Recently we’ve been receiving (by coincidence) some escalations to troubleshoot the same issue.  It’s about .Net apps returning the following exception:

 

SocketException::.ctor() 10061:No connection could be made because the target machine actively refused it

 

The cases I’ve been working with show different stack traces but the main point here is that exception is originally occurring when the application is trying to make use of a TCP socket to establish a connection with a remote machine.  For all the cases escalated to us so far, the problem has ended up being simply what the error message states, i.e the remote machine, or something in between, refuses the connection attempt.  This post is just to show how we’ve been able to troubleshoot these problems and isolate them to network related issues.

Let’s go through two different scenarios and see step by step how to troubleshoot them.  In the first scenario we have an IIS server (which we will call from now on WEB1 – IP:10.0.0.1) hosting a .Net application which is intermittently failing to make a web services call to another IIS server (let’s call it WEB2) located in a remote environment.  The problem has already been isolated to the point when the .Net app in the WEB1 makes a call to a web service hosted in the server WEB2.

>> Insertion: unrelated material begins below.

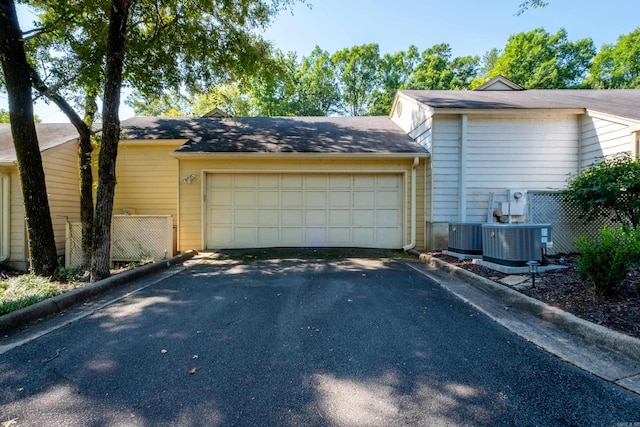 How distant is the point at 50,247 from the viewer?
Answer: 5645 millimetres

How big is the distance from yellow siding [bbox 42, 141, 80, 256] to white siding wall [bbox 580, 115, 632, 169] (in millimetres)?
12548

The two last frames on the stack for this first scenario would be the following ones:

 

System.Net.Sockets.TcpClient.Connect(String hostname, Int32 port)

System.Web.Services.Protocols.WebClientProtocol.GetWebResponse(WebRequest request)

 

The first step, as always, is understand the infrastructure involved in the communication between WEB1 and WEB2.  Making it short, WEB2 is the virtual name used to mask a round robin DNS rotation between 10 other web servers and between the WEB1 and WEB2 there are at least 2 firewalls, one at the WEB1 location and another one at the WEB2 location (classic environment where the WEB servers are located in the DMZ provided by both firewalls on their respective locations).

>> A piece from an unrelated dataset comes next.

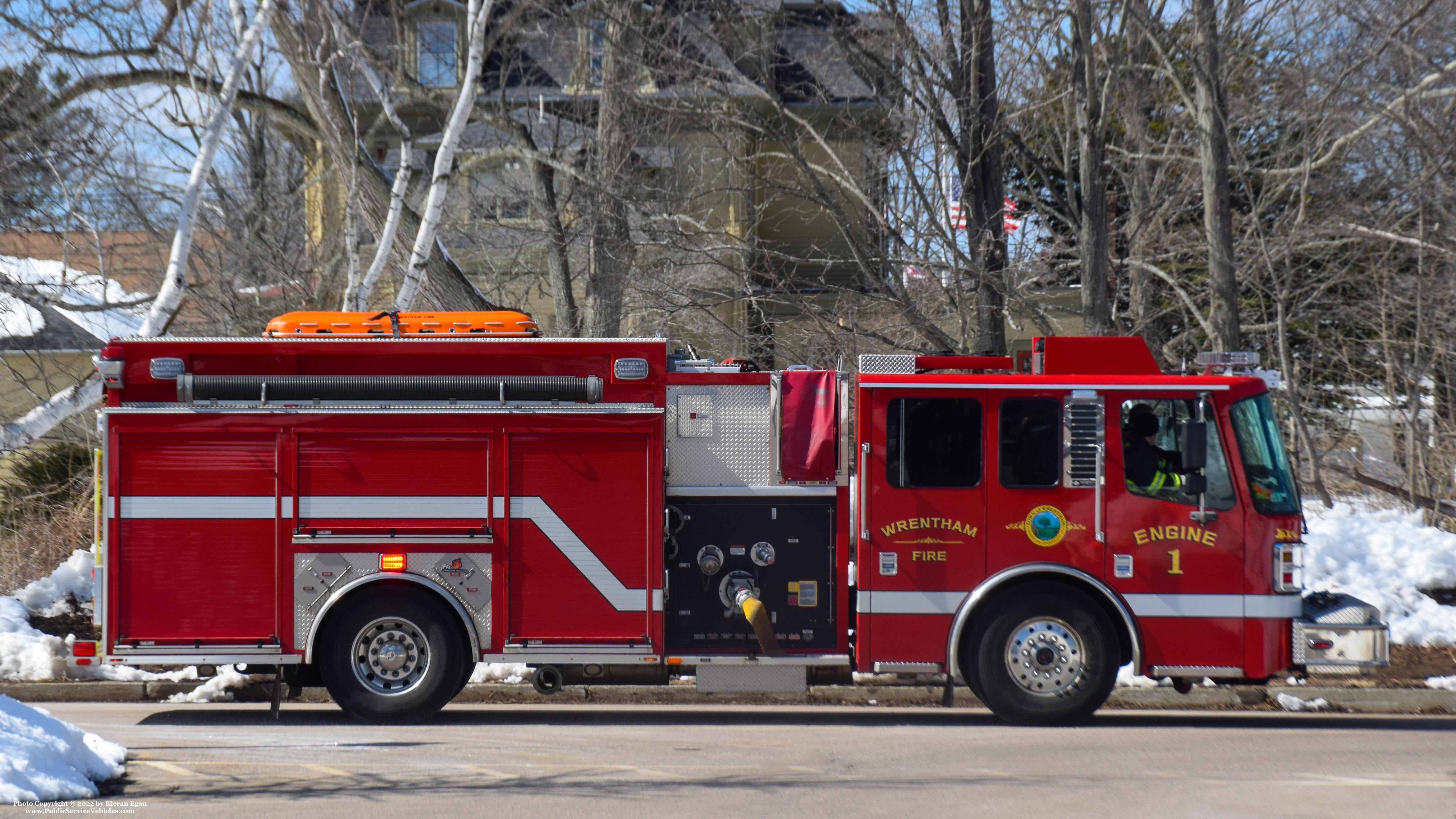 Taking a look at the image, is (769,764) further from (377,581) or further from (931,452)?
(377,581)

Next step is to generate a network trace from the server WEB1 (it would be also nice if we could generate a trace simultaneously from the WEB2, however first in this scenario we don’t have access to the WEB2 and even if so we would need to take a trace from all the 10 web servers because we don’t know at this point to which the WEB1 is trying to establish a connection when the problem happens.  So we went ahead, installed the Microsoft Network Monitor tool in the WEB1 started collecting the network trace and waited until the problem happens.  In the mean time while the problem did not happen, we just got informed about the other 10 IP addresses of the 10 web servers hereby called simply by WEB2.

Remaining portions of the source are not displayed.